[Material for this exercise — start]

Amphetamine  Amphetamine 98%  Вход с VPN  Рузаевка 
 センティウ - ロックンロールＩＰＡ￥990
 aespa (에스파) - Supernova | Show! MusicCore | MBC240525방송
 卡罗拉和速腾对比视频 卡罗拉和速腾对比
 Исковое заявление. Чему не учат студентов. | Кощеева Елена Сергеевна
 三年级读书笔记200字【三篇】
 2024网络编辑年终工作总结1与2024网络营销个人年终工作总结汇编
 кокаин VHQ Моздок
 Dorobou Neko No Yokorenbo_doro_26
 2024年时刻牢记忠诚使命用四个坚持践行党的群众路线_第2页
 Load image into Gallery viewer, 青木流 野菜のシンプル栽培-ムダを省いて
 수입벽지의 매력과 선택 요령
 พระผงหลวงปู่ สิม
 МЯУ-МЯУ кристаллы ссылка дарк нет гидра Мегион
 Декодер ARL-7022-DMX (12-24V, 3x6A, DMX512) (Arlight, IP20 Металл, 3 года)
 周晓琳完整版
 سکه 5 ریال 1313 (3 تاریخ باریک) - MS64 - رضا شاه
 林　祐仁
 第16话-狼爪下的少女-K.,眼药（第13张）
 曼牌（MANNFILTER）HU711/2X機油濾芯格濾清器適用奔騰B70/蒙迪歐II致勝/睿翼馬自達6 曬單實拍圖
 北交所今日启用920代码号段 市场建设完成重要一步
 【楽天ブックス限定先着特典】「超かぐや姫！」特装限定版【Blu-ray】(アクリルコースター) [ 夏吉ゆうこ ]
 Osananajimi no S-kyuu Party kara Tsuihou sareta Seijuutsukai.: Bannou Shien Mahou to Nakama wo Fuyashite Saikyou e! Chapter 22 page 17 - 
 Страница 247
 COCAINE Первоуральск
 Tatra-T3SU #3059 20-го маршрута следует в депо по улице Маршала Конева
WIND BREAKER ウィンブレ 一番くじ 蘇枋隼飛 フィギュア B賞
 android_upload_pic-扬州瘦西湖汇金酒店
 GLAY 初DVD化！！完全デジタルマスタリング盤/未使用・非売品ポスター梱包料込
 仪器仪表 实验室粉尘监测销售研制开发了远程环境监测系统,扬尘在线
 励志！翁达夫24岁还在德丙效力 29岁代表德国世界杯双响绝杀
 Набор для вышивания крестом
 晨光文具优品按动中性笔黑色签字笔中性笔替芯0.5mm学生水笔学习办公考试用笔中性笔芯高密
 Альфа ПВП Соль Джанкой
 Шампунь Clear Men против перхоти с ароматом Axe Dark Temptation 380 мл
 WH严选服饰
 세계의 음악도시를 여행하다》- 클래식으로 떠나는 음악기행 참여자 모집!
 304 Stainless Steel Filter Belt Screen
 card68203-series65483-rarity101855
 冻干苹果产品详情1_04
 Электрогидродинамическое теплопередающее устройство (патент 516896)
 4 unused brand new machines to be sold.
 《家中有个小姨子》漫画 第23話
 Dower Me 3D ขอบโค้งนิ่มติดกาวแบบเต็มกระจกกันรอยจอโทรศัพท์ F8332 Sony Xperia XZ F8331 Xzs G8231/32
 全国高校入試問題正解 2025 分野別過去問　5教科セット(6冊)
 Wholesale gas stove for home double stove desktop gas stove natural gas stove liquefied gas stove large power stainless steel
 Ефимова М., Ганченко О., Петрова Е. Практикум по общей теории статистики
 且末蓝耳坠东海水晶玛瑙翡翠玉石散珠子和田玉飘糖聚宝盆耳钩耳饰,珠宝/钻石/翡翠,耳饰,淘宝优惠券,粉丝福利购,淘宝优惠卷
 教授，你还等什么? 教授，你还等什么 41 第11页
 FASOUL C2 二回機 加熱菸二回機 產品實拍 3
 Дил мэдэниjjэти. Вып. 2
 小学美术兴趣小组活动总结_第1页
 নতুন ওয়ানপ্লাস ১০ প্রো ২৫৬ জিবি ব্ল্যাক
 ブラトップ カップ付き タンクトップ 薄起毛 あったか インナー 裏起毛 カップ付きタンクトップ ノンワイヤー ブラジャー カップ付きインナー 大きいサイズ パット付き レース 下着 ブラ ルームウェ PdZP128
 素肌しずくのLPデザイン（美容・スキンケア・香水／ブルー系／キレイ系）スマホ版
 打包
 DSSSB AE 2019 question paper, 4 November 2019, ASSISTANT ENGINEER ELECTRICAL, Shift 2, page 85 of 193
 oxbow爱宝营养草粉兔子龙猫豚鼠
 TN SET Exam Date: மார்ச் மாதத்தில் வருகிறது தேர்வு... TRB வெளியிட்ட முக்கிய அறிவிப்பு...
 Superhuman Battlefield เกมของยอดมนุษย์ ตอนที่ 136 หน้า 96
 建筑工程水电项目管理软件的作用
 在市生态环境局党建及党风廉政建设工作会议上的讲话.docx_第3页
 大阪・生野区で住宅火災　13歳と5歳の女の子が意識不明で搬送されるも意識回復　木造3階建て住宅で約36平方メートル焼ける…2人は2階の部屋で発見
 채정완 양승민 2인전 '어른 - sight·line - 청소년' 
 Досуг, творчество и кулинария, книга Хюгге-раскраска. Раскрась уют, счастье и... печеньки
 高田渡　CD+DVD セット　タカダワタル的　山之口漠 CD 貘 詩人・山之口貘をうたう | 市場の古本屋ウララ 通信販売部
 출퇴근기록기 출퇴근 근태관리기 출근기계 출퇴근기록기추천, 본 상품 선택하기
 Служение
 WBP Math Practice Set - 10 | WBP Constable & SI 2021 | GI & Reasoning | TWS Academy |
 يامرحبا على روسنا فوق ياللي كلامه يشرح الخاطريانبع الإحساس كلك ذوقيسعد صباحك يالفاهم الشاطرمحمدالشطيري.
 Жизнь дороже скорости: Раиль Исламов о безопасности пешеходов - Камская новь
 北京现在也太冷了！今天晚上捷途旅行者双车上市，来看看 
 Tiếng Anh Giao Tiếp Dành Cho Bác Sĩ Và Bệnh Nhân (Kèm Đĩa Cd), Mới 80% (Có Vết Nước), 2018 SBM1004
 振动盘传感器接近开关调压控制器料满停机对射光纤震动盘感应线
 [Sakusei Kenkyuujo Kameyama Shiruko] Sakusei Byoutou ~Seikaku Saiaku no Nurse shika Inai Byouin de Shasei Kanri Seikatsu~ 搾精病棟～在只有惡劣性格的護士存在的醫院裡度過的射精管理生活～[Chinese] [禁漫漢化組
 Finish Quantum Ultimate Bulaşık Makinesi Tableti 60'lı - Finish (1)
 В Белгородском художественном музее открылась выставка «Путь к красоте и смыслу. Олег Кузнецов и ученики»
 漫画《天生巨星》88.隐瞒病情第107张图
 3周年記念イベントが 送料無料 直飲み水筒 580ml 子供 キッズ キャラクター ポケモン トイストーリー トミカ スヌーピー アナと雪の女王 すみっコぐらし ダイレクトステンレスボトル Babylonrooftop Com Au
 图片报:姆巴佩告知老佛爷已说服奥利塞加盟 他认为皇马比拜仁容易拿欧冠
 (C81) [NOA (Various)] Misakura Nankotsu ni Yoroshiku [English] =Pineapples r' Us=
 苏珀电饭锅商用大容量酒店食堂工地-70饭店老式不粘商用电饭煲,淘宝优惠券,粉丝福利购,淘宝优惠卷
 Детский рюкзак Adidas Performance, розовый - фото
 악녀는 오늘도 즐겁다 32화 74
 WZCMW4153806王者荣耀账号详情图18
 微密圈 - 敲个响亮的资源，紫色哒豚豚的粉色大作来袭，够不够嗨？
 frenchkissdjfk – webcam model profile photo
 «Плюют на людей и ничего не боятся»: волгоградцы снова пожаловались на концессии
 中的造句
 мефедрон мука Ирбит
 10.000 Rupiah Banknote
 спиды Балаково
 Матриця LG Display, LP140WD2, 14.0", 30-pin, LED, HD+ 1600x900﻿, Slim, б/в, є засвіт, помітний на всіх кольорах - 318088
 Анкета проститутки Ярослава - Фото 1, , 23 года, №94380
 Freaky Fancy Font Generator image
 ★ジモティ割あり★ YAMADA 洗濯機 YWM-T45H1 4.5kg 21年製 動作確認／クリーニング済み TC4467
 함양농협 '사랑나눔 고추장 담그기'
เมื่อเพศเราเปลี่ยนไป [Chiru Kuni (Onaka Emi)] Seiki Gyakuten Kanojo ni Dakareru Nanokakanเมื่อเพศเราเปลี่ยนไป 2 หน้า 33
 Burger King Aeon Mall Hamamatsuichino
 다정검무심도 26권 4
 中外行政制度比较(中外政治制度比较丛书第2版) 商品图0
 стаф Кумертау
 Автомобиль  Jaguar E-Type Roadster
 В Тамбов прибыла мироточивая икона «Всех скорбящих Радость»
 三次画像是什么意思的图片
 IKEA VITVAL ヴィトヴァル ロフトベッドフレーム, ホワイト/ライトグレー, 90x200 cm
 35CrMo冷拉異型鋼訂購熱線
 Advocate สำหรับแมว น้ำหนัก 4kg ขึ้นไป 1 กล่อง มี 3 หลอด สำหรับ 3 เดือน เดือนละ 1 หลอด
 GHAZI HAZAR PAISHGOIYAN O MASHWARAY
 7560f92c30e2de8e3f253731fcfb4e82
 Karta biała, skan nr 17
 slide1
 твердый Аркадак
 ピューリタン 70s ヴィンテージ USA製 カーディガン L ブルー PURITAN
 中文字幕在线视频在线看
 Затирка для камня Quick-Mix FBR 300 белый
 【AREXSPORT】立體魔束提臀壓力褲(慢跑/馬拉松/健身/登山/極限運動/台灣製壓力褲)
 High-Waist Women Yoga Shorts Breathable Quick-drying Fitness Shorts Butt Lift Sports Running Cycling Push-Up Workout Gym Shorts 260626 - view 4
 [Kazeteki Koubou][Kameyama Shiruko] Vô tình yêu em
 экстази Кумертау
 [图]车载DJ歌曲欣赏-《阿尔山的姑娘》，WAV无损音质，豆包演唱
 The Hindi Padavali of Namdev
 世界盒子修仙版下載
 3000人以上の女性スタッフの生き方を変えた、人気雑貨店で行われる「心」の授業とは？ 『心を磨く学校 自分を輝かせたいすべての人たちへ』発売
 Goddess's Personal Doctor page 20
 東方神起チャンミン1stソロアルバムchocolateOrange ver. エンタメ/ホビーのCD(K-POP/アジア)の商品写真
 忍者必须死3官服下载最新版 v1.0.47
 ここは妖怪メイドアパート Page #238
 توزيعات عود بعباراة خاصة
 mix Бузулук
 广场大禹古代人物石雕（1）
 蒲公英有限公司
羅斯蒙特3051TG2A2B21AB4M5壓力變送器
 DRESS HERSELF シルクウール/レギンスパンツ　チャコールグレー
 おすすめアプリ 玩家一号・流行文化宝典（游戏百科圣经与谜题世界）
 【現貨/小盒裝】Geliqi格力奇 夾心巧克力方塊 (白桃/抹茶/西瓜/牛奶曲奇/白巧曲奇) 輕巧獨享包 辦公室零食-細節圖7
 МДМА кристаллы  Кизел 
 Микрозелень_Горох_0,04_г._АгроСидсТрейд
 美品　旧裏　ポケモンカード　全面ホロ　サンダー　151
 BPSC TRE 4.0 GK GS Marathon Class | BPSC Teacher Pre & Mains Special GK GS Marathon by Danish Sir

[Material for this exercise — finish]

• Work to complete
Search the data above for the string "粉丝福利购" and report each line that holds it.

• Task answer
 且末蓝耳坠东海水晶玛瑙翡翠玉石散珠子和田玉飘糖聚宝盆耳钩耳饰,珠宝/钻石/翡翠,耳饰,淘宝优惠券,粉丝福利购,淘宝优惠卷
 苏珀电饭锅商用大容量酒店食堂工地-70饭店老式不粘商用电饭煲,淘宝优惠券,粉丝福利购,淘宝优惠卷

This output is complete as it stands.